(Items from a data source)

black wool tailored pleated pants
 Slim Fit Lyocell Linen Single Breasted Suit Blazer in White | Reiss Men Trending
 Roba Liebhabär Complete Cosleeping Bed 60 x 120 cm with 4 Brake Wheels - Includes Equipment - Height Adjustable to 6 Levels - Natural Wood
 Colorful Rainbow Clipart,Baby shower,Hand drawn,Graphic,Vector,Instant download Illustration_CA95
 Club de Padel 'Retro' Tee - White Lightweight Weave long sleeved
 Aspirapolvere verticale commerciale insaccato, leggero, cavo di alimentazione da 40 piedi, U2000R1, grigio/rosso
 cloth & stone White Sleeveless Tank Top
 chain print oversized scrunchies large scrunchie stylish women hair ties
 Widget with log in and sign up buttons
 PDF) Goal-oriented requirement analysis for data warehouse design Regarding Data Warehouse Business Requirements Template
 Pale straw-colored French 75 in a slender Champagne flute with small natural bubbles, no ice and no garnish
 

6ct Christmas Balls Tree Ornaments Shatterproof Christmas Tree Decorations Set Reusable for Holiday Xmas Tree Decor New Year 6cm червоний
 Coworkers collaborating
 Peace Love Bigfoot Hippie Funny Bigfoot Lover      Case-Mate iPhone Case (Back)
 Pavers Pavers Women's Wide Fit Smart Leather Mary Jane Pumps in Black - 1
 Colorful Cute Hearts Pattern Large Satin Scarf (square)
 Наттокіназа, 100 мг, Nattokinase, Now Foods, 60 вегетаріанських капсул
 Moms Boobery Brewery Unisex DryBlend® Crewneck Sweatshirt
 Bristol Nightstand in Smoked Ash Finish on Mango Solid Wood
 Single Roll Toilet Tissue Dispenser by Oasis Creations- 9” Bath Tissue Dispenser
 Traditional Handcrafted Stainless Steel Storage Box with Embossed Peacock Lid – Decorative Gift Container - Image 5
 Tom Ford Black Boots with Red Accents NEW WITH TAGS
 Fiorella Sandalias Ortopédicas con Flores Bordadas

◆ Work instruction ◆
Exactly as they appear above, set down all of the records once more.

◆ Answer for the task ◆
black wool tailored pleated pants
 Slim Fit Lyocell Linen Single Breasted Suit Blazer in White | Reiss Men Trending
 Roba Liebhabär Complete Cosleeping Bed 60 x 120 cm with 4 Brake Wheels - Includes Equipment - Height Adjustable to 6 Levels - Natural Wood
 Colorful Rainbow Clipart,Baby shower,Hand drawn,Graphic,Vector,Instant download Illustration_CA95
 Club de Padel 'Retro' Tee - White Lightweight Weave long sleeved
 Aspirapolvere verticale commerciale insaccato, leggero, cavo di alimentazione da 40 piedi, U2000R1, grigio/rosso
 cloth & stone White Sleeveless Tank Top
 chain print oversized scrunchies large scrunchie stylish women hair ties
 Widget with log in and sign up buttons
 PDF) Goal-oriented requirement analysis for data warehouse design Regarding Data Warehouse Business Requirements Template
 Pale straw-colored French 75 in a slender Champagne flute with small natural bubbles, no ice and no garnish
 

6ct Christmas Balls Tree Ornaments Shatterproof Christmas Tree Decorations Set Reusable for Holiday Xmas Tree Decor New Year 6cm червоний
 Coworkers collaborating
 Peace Love Bigfoot Hippie Funny Bigfoot Lover      Case-Mate iPhone Case (Back)
 Pavers Pavers Women's Wide Fit Smart Leather Mary Jane Pumps in Black - 1
 Colorful Cute Hearts Pattern Large Satin Scarf (square)
 Наттокіназа, 100 мг, Nattokinase, Now Foods, 60 вегетаріанських капсул
 Moms Boobery Brewery Unisex DryBlend® Crewneck Sweatshirt
 Bristol Nightstand in Smoked Ash Finish on Mango Solid Wood
 Single Roll Toilet Tissue Dispenser by Oasis Creations- 9” Bath Tissue Dispenser
 Traditional Handcrafted Stainless Steel Storage Box with Embossed Peacock Lid – Decorative Gift Container - Image 5
 Tom Ford Black Boots with Red Accents NEW WITH TAGS
 Fiorella Sandalias Ortopédicas con Flores Bordadas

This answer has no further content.